→ WHAT THE TASK REQUIRES
In the records below, find the line that contains "Pedrollo CP 130" and the line that contains "Erkek Regular Bisiklet", then retype exactly those two lines and every line between them.

→ SOURCE RECORDS
***

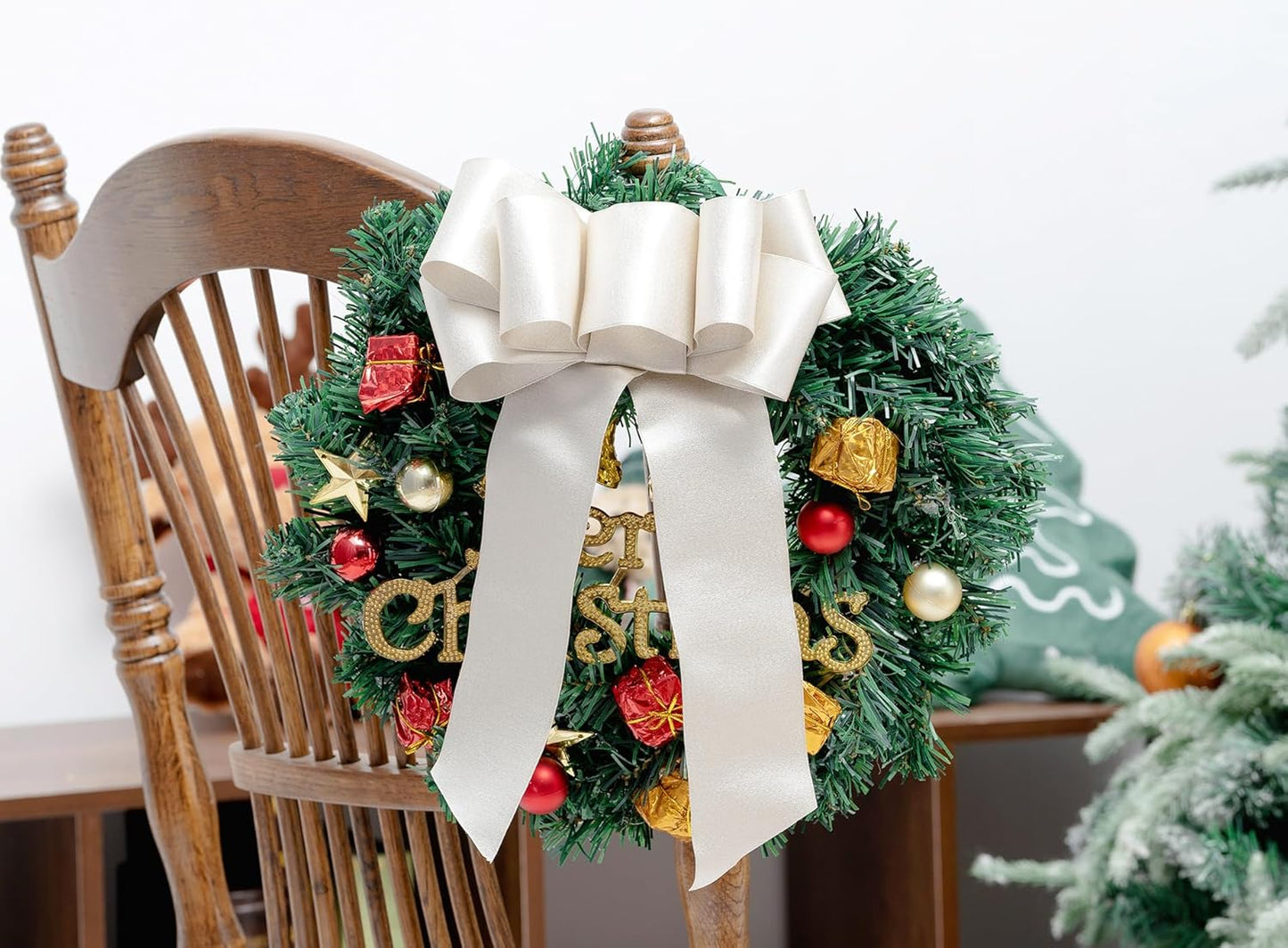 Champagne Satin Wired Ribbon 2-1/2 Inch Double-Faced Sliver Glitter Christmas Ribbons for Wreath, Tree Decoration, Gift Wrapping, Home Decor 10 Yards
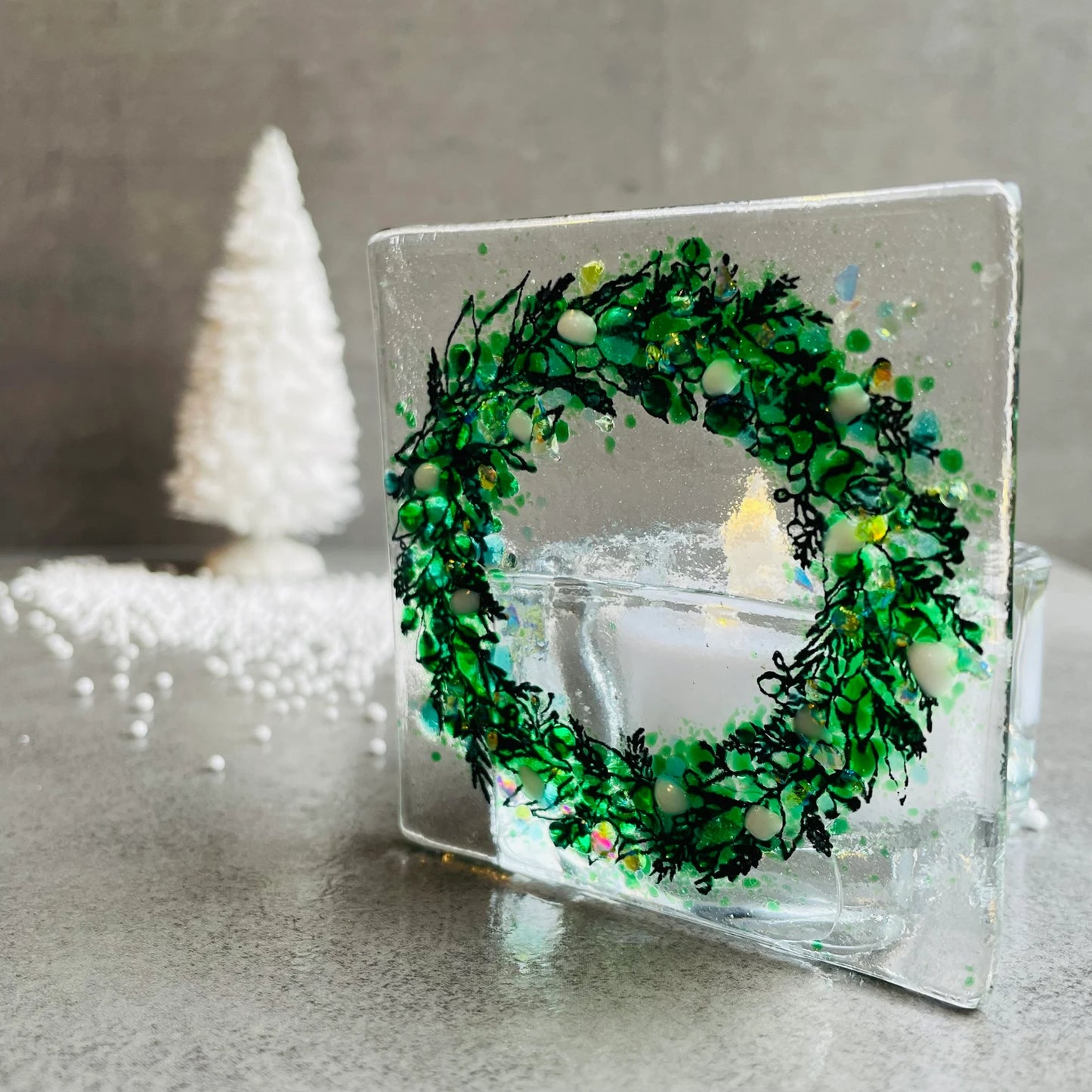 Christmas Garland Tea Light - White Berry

***

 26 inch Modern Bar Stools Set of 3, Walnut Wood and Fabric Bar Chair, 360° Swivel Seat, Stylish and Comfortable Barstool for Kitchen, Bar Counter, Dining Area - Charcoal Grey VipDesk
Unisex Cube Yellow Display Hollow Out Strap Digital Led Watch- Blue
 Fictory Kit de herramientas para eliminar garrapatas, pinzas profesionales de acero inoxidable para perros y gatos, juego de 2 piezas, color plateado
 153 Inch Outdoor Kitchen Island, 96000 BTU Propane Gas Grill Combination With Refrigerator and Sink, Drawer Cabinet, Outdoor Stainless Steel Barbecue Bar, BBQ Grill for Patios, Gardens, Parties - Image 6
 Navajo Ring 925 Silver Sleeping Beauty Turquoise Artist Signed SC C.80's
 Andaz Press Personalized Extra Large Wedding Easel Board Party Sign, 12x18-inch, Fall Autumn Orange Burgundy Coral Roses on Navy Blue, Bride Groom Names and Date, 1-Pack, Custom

***

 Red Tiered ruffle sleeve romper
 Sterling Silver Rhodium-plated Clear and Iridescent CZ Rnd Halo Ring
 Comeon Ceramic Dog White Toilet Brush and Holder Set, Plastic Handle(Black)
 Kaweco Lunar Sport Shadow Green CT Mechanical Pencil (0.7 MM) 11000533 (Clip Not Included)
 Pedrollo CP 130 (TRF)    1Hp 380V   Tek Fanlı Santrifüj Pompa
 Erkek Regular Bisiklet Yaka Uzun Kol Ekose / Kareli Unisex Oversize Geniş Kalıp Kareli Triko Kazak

***

→ TASK RESULT
 Pedrollo CP 130 (TRF)    1Hp 380V   Tek Fanlı Santrifüj Pompa
 Erkek Regular Bisiklet Yaka Uzun Kol Ekose / Kareli Unisex Oversize Geniş Kalıp Kareli Triko Kazak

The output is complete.